Ce n’est pas tout. À cette inégalité devant l’interpellation succède une application des textes disparate. Bien sûr, la loi de 1970 vaut pour tous : tout contrevenant encourt une peine qui peut aller jusqu’à 3 750 euros d’amende et un an d’emprisonnement.
Mais qu’en est-il dans les faits pour Emmanuel, notre fumeur de juin qui fait face pour la première fois aux autorités judiciaires ? En aucun cas, il n’ira en prison. L’affaire ne restera cependant pas sans lendemain : on ne compte plus que 3 % de classement sans suite pour ces affaires (contre 21 % il y a 13 ans).
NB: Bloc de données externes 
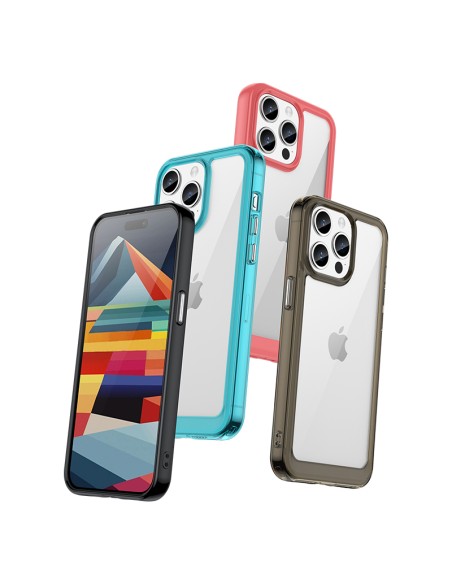 Sustiprintas dėklas su lanksčiu rėmeliu, skirtas iPhone 15 Pro Max Outer Space – raudonas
On n’a jamais autant condamné en France les consommateurs de stupéfiants, dont 59 % pour usage, un chiffre qui a triplé en 10 ans. Cependant, les peines alternatives à la prison se sont multipliées depuis les années 1990. Elles constituent des sanctions rapides destinées au traitement de la petite délinquance.
Les rappels à la loi (avertissement ou admonestation prenant la forme d’un courrier ou d’une convocation judiciaire) constituent 83 % des alternatives aux poursuites. En revanche, alors que la loi de 1970 affichait avant tout un objectif sanitaire, les injonctions thérapeutiques et les classements avec orientation sanitaire reculent nettement (13 % des alternatives aux poursuites contre 25 % en 2005).
Les « compositions pénales », proposées par le procureur de la République, sont également en nette augmentation : des amendes pour usage de stupéfiants ont doublé en 10 ans, même si leur montant moyen a baissé (passant de 402 à 316 euros entre 2002 et 2013). Les peines de réinsertion ont également beaucoup augmenté, notamment les stages de sensibilisation (environ 3 000 stages en 2013). Le coût de ces stages varie selon les territoires, générant là encore une forme d’inégalité : un tiers des structures facturent les stages entre 50 et 150 euros ; un tiers entre 160 et 230 euros ; un autre entre 240 et 300 euros.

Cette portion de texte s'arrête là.